Some time ago I began work on a distro designed from the ground up to do just what you want. It boots up in read-only mode, but without loading everything into RAM. It then uses tmpfs to allow 'normal' running in read-write mode. But in order to save any changes you make you have to remount read-write on the fly and sync the file system on the device with what's in tmpfs. All-in-all it's a pretty complex way to run.
You can however run a normal installation from a real USB hard drive (not FLASH), but it will still be slow because of the transfer rates. Every program will be slow to start the first time. After that they will run nicely though since they are cached in memory by the kernel. Running from a real USB hard drive is still slower than running from a FLASH device because of the disk access times, but at least you can run a normally installed and configured system.
You could use a special filesystem called jffs2 or jffs3, but the partitions take a very long time to mount. This is normally used for devices which run an embedded OS where the device is not re-booted very often, or ever.
The problem with FLASH devices is that data is written block-wise. This means that when only one byte of data is changed a whole block of data must be re-written. And the number of times a particular block can be re-written is limited to somewhere between 10,000 and 1 million times. This may sound like a lot, but it is not -especially, as mentioned, for swap space.

The system I have been working on needs a little less than 256MB for a nice GUI desktop with a few dozen programs. But everything is light-weight software and some of the key components are loded into RAM in order to reduce the starup time for the basic desktop.
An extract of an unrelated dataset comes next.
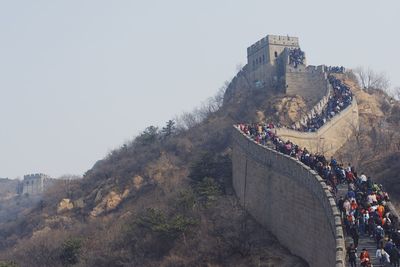 Group of people on fort against the sky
Still, as soon a you start a browser, for instance, it takes about twice the normal time for it to start. Afterwards it runs normally, as mentioned above. If you were to try running KDE that way, I imagine that it would 4-5 minutes for the desktop to load. This is (mostly) not dependent on how fast your processor is nor how mauch RAM you have. The bottle-neck is the transfer rate over the USB bus.

If you really want to have a complete system 'to-go' which runs fairly normally, you need to put it on a real USB hard-drive.